Single by James Brown

from the album I Got You (I Feel Good)
- B-side: "Cross Firing"
- Released: November 1961
- Recorded: February 9, 1961, King Studios, Cincinnati, OH
- Genre: Soul
- Length: 3:05
- Label: King 5573
- Songwriters: James Brown; Bobby Byrd; Lloyd Eugene Stallworth;
- Producer: Unknown

James Brown charting singles chronology
| "Just You and Me, Darling" (1961) | "Lost Someone" (1961) | "Night Train" (1962) |

Audio video
- "Lost Someone" on YouTube

= Lost Someone =

1961 song by James Brown

"Lost Someone" is a song recorded by James Brown in 1961. It was written by Brown and Famous Flames members Bobby Byrd and Baby Lloyd Stallworth. Like "Please, Please, Please" before it, the song's lyrics combine a lament for lost love with a plea for forgiveness. The single was a #2 R&B hit and reached #48 on the pop chart. According to Brown, "Lost Someone" is based on the chord changes of the Conway Twitty song "It's Only Make Believe". Although Brown's vocal group, The Famous Flames did not actually sing on this tune, two of them, Byrd and Stallworth, co-wrote it with Brown, and Byrd played organ on the record, making it, in effect, a James Brown/Famous Flames recording.

==Personnel==
- James Brown - lead vocal

with the James Brown Band:
- Roscoe Patrick - trumpet
- J.C. Davis - tenor saxophone
- Bobby Byrd - Hammond organ
- Les Buie - guitar
- Hubert Parry - bass guitar
- Nat Kendrick - drums
- Other instruments unknown

==Live at the Apollo version==
A performance of "Lost Someone" is the centerpiece of Brown's 1963 album Live at the Apollo.
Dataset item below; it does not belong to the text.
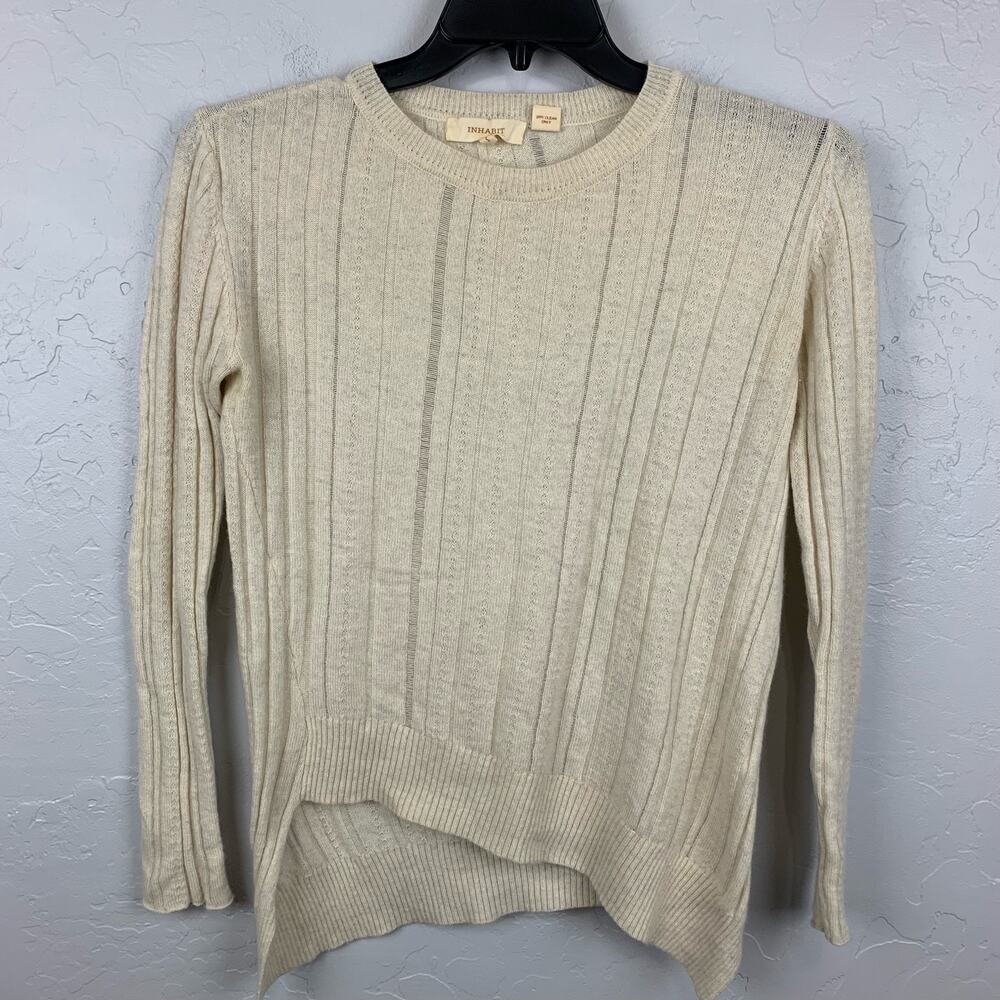 Inhabit Cashmere Sweater Womens Size Small Cream Beige Knit Asymmetrical Hem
Nearly 11 minutes long and spanning two tracks on the original LP release (the end of Side 1 and the beginning of Side 2), it is widely regarded as the album's high point and as one of the greatest performances in its idiom on record. Critic Peter Guralnick wrote of the recording:

Here, in a single, multilayered track ... you have embodied the whole history of soul music, the teaching, the preaching, the endless assortment of gospel effects, above all the groove that was at the music's core. "Don't go to strangers," James pleads in his abrasively vulnerable fashion. "Come on home to me.... Gee whiz I love you.... I'm so weak...." Over and over he repeats the simple phrases, insists "I'll love you tomorrow" until the music is rocking with a steady pulse, until the music grabs you in the pit of the stomach and James knows he's got you. Then he works the audience as he works the song, teasing, tantalizing, drawing closer, dancing away, until finally at the end of Side I that voice breaks through the crowd noise and dissipates the tension as it calls out, "James, you're an asshole." "I believe someone out there loves someone," declares James with cruel disingenuousness. "Yeah, you," replies a girl's voice with unabashed fervor. "I feel so good I want to scream," says James, testing the limits yet again. "Scream!" cries a voice. And the record listener responds, too, we are drawn in by the same tricks, so transparent in the daylight but put across with the same unabashed fervor with which the girl in the audience offers up her love.

An edited version of the live performance was released as a single in 1966 and charted at #94 on the US Pop chart.

Long, drawn-out performances of "Lost Someone" continued to be a feature of Brown's live shows until 1966, when "It's a Man's Man's Man's World" largely supplanted it in his concert repertoire. Brown would sometimes interpolate parts of "Lost Someone" into the newer song, as in the 1967 performance documented on Live at the Apollo, Volume II.

==Personnel==
- James Brown - lead vocal

with the James Brown Band:
- Lewis Hamlin - music director, principal trumpet
- Roscoe Patrick - trumpet
- Teddy Washington - trumpet
- Dickie Wells - trombone
- William "Po' Devil" Burgess - alto saxophone
- St. Clair Pinckney - principal tenor saxophone
- Al "Briscoe" Clark - tenor and baritone saxophones
- Les Buie - guitar
- Bobby Byrd - Hammond organ
- Hubert Parry - bass guitar
- Clayton Fillyau - principal drums
- George Sims - drums

==Other versions==
Brown made several other recordings of "Lost Someone", including:
- A version with strings for his 1963 album Prisoner of Love.
- A studio version similar to the 1962 Apollo performance on 1972's Get On The Good Foot.
- An uptempo version on 1974's Hell.

==Covers==
- The Residents recorded a satirical cover version of the intro to "Lost Someone" for their 1984 Brown and George Gershwin tribute album George & James.
- Cat Power recorded "Lost Someone" for her 2008 album Jukebox.